Association of School Social Status with COVID-19 Pandemic-Related Changes and Post-Pandemic Rebounds of Children’s Physical Fitness
Paula Teich, Fabian Arntz, Toni Wöhrl, Florian Bähr, Kathleen Golle, Reinhold Kliegl

TL;DR
This study shows how the pandemic affected children's physical fitness differently based on their school's social status and whether they bounced back afterward.
Contribution
The study introduces new data on post-pandemic rebounds in children's physical fitness and links these rebounds to school social status.
Findings
Schools with higher social status showed larger rebounds in coordination and upper limb power after the pandemic.
Children in lower social status schools had poorer fitness levels and smaller rebounds in coordination and upper limb power.

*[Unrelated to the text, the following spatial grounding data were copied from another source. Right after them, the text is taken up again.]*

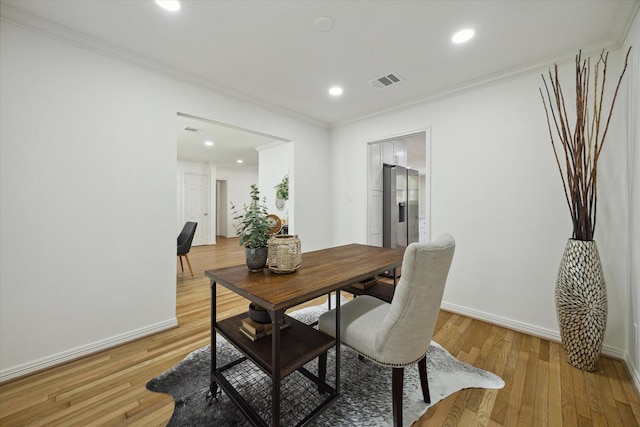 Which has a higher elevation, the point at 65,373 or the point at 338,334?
the point at 338,334

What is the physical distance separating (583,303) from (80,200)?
3715mm

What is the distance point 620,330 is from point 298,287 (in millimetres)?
2548

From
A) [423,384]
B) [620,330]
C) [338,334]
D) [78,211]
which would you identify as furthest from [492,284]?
[78,211]

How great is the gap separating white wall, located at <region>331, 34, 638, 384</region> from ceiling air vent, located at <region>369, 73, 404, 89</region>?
62 cm

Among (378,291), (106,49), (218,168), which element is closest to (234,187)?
(218,168)

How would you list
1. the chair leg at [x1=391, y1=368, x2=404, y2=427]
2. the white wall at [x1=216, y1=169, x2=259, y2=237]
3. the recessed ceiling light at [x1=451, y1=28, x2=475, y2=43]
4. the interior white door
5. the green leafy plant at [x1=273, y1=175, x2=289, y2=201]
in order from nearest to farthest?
the chair leg at [x1=391, y1=368, x2=404, y2=427]
the recessed ceiling light at [x1=451, y1=28, x2=475, y2=43]
the green leafy plant at [x1=273, y1=175, x2=289, y2=201]
the interior white door
the white wall at [x1=216, y1=169, x2=259, y2=237]

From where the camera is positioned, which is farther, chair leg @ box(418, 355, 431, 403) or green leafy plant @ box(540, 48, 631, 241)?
green leafy plant @ box(540, 48, 631, 241)

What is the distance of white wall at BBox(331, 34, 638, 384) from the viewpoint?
6.31 feet

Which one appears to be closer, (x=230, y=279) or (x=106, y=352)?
(x=230, y=279)

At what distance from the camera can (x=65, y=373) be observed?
68.8 inches

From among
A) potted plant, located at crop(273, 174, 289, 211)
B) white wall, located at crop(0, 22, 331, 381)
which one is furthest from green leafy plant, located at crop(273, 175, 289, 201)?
white wall, located at crop(0, 22, 331, 381)

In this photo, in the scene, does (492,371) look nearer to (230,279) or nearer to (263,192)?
(230,279)

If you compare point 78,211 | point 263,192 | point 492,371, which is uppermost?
point 263,192

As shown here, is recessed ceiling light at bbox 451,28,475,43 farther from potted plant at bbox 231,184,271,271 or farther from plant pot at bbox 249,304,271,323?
plant pot at bbox 249,304,271,323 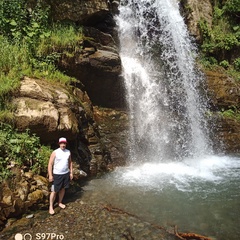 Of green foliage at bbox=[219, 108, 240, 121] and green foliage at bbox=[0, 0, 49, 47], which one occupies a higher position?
green foliage at bbox=[0, 0, 49, 47]

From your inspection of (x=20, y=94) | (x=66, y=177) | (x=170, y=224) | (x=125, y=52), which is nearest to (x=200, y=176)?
(x=170, y=224)

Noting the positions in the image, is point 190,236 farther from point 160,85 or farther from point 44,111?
point 160,85

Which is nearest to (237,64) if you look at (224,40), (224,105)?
(224,40)

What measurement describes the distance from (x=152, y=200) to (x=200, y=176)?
8.11 feet

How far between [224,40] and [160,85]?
17.4 ft

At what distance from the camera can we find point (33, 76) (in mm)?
8055

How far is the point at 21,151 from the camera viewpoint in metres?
6.45

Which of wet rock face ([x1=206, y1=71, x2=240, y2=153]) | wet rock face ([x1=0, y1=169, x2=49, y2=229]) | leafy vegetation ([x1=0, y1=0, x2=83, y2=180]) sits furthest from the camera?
wet rock face ([x1=206, y1=71, x2=240, y2=153])

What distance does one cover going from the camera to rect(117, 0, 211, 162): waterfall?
1068 cm

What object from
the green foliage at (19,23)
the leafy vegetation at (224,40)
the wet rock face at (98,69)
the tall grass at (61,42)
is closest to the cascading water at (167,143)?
the wet rock face at (98,69)

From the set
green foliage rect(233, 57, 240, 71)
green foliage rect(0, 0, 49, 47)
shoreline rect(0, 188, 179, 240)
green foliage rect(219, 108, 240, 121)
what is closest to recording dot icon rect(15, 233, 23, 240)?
shoreline rect(0, 188, 179, 240)

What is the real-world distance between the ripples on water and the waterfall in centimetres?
108

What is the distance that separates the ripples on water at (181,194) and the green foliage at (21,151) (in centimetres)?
156

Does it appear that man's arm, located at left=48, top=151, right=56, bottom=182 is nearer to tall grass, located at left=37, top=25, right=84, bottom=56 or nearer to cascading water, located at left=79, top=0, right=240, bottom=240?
cascading water, located at left=79, top=0, right=240, bottom=240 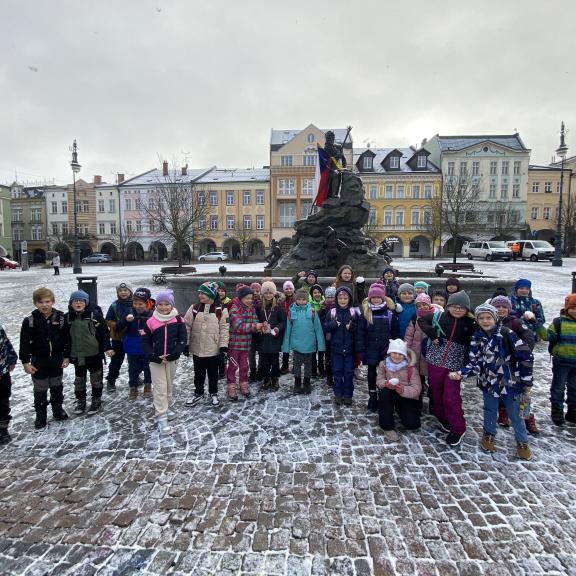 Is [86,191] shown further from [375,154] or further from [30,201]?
[375,154]

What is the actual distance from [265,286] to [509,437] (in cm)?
338

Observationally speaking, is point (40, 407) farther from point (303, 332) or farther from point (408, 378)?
point (408, 378)

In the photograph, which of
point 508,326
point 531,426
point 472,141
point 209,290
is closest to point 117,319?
point 209,290

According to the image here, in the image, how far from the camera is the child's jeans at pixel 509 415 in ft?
11.6

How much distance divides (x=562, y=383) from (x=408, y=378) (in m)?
1.76

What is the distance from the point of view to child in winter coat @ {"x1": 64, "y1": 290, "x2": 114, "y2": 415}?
4.45 m

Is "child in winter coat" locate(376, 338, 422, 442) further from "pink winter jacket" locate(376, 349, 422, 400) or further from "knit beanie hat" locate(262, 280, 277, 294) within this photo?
"knit beanie hat" locate(262, 280, 277, 294)

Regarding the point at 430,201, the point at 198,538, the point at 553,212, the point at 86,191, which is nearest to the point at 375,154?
the point at 430,201

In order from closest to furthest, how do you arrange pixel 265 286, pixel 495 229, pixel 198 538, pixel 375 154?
pixel 198 538, pixel 265 286, pixel 495 229, pixel 375 154

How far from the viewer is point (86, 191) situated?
52844 millimetres

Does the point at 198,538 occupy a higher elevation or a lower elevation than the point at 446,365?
lower

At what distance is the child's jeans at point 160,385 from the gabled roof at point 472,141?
2015 inches

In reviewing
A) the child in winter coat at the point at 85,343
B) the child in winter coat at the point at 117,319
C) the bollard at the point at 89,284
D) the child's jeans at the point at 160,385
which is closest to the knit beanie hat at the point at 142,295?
the child in winter coat at the point at 117,319

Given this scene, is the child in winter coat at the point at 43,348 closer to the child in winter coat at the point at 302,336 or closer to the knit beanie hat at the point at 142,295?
the knit beanie hat at the point at 142,295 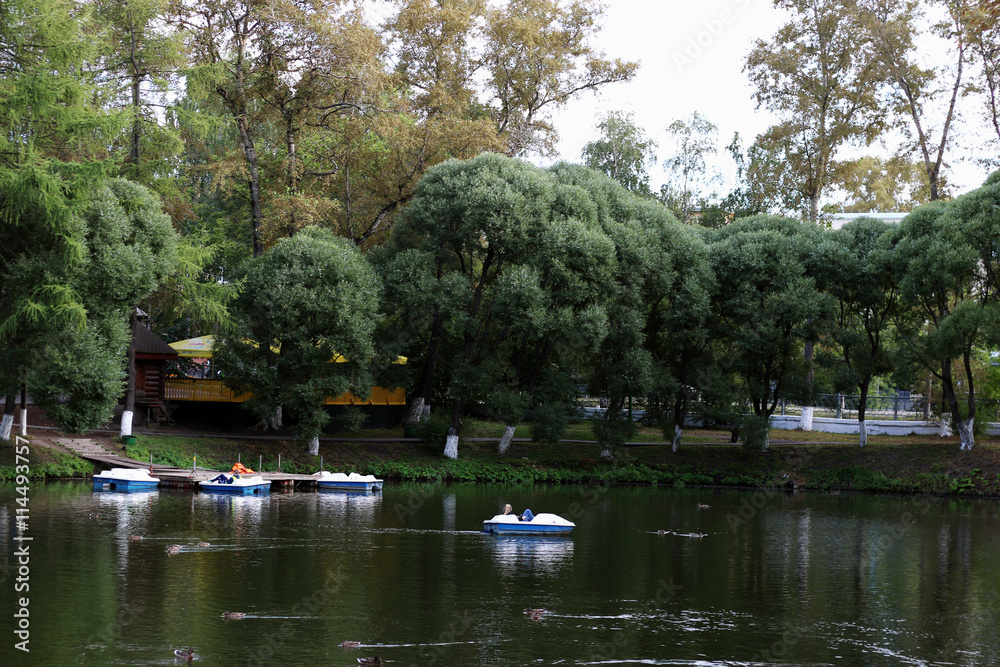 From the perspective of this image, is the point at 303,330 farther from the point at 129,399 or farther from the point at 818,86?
the point at 818,86

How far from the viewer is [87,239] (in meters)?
37.6

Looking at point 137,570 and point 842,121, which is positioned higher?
point 842,121

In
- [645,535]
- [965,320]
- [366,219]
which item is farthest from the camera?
[366,219]

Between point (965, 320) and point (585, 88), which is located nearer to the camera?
point (965, 320)

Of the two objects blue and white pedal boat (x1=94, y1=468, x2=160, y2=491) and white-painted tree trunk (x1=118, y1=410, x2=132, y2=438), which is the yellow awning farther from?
blue and white pedal boat (x1=94, y1=468, x2=160, y2=491)

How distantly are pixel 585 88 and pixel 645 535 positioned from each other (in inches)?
1314

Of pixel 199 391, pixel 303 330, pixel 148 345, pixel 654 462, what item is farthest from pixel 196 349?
pixel 654 462

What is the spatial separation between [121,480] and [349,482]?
9.53 meters

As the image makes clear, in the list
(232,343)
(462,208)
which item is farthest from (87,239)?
(462,208)

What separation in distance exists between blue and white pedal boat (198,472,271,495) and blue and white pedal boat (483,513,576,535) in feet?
41.2

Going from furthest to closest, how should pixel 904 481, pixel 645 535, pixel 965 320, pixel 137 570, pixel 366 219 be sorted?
pixel 366 219
pixel 904 481
pixel 965 320
pixel 645 535
pixel 137 570

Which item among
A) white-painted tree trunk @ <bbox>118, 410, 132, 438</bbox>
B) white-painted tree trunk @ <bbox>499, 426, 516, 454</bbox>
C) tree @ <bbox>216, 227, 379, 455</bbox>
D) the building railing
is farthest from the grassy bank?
the building railing

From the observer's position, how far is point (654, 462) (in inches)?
1972

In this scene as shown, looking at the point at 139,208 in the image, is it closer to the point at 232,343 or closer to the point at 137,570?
the point at 232,343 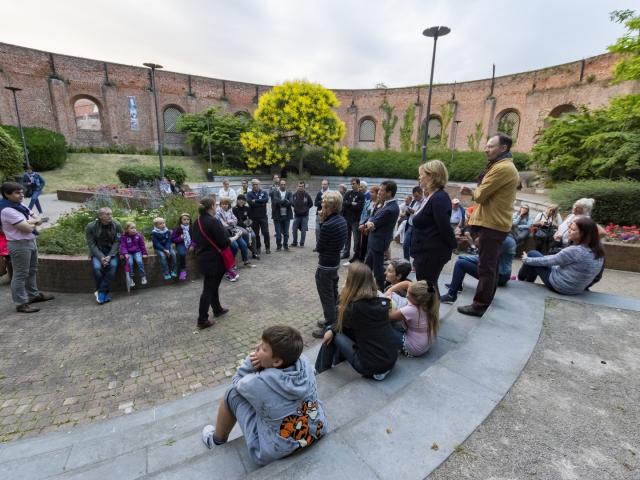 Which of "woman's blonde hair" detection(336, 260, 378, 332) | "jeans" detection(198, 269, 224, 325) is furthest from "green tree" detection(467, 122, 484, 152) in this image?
"woman's blonde hair" detection(336, 260, 378, 332)

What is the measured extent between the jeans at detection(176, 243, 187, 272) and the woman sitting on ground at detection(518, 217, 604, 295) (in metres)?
5.81

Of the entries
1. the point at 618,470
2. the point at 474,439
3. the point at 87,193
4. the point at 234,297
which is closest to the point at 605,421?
the point at 618,470

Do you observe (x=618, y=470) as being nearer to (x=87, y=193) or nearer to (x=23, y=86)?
(x=87, y=193)

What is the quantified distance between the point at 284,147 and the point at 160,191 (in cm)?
1122

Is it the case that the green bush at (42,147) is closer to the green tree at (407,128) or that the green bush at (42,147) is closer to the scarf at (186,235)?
the scarf at (186,235)

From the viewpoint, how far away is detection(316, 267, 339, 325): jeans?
155 inches

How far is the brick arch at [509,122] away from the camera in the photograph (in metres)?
26.1

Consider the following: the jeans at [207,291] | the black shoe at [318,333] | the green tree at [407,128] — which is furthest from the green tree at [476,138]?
the jeans at [207,291]

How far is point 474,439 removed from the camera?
1979 millimetres

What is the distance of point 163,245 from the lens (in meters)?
5.95

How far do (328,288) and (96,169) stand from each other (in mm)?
22024

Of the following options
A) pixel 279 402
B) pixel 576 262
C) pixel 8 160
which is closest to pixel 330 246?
pixel 279 402

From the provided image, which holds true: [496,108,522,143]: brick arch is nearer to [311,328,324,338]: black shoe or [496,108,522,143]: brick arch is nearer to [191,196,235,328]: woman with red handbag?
[311,328,324,338]: black shoe

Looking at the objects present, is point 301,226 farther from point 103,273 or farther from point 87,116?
point 87,116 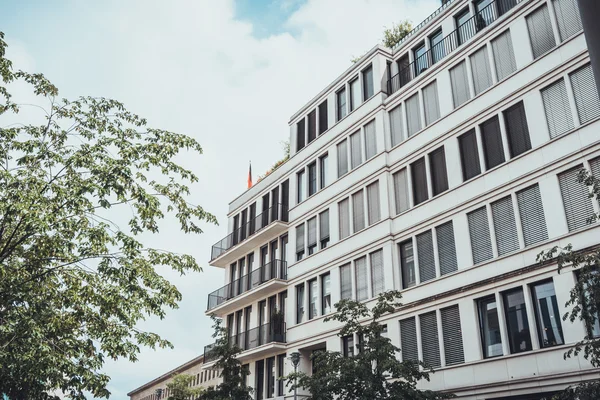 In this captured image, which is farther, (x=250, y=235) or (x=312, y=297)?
(x=250, y=235)

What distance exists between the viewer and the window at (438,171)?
962 inches

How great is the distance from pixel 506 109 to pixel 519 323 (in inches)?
311

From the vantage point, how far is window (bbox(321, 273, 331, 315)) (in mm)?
29031

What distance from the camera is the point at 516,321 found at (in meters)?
19.6

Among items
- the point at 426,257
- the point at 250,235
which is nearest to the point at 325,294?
the point at 426,257

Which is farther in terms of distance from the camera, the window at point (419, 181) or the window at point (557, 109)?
the window at point (419, 181)

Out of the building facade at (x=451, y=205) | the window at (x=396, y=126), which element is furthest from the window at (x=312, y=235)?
the window at (x=396, y=126)

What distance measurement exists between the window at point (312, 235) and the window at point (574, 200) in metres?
14.3

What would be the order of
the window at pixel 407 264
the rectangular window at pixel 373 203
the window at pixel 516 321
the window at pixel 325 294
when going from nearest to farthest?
the window at pixel 516 321, the window at pixel 407 264, the rectangular window at pixel 373 203, the window at pixel 325 294

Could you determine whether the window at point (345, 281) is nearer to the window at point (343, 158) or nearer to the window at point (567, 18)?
the window at point (343, 158)

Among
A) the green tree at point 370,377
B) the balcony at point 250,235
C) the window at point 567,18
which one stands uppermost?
the window at point 567,18

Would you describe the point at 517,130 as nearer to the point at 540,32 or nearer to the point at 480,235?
the point at 540,32

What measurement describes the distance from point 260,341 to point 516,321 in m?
16.2

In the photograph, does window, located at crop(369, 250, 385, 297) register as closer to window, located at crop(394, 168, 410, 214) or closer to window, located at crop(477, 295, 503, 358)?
window, located at crop(394, 168, 410, 214) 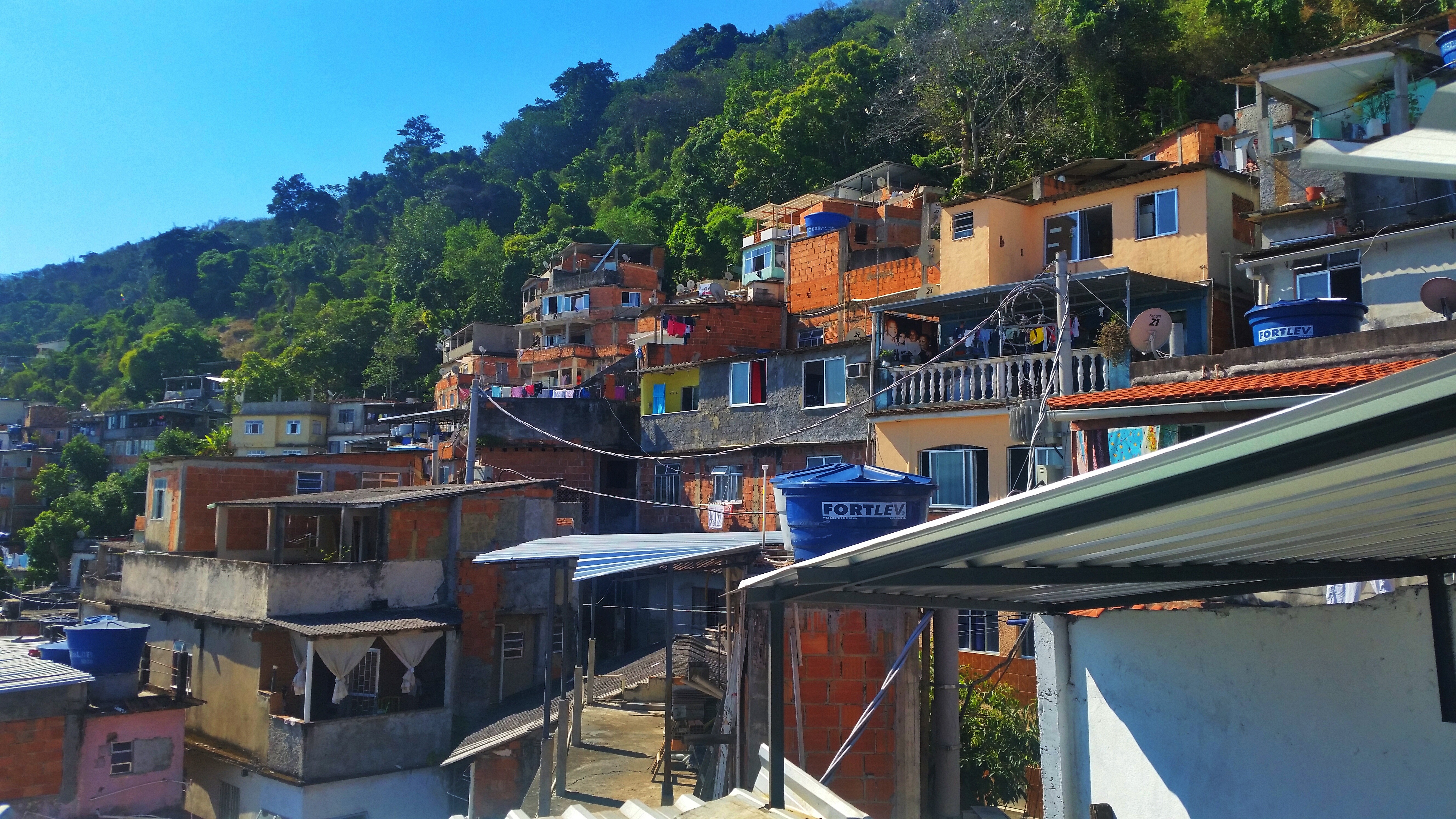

Pandemic effects on fitness were small but negative, with no evidence of full recovery in cardiorespiratory endurance and speed.
Abstract
In a recent study, we examined Covid-19 pandemic effects on the physical fitness of German third-graders tested between 2016 and 2022. The present report includes new data from 2023 to examine whether there were post-pandemic rebounds in the negatively affected fitness components, and whether pandemic and potential rebound effects differed by school social status. The EMOTIKON project annually tests the fitness of all third-graders in the Federal State of Brandenburg, Germany. Tests assess cardiorespiratory endurance (6-min-run), coordination (star-run), speed (20-m linear sprint), lower (powerLOW, standing long jump), and upper (powerUP, ball-push test) limbs muscle power, and static balance (one-legged-stance test). A total of 108,308 third-graders aged between 8 and 9.2 years from 444 schools were tested in the falls from 2016 to 2023. Linear mixed models, specified for a regression…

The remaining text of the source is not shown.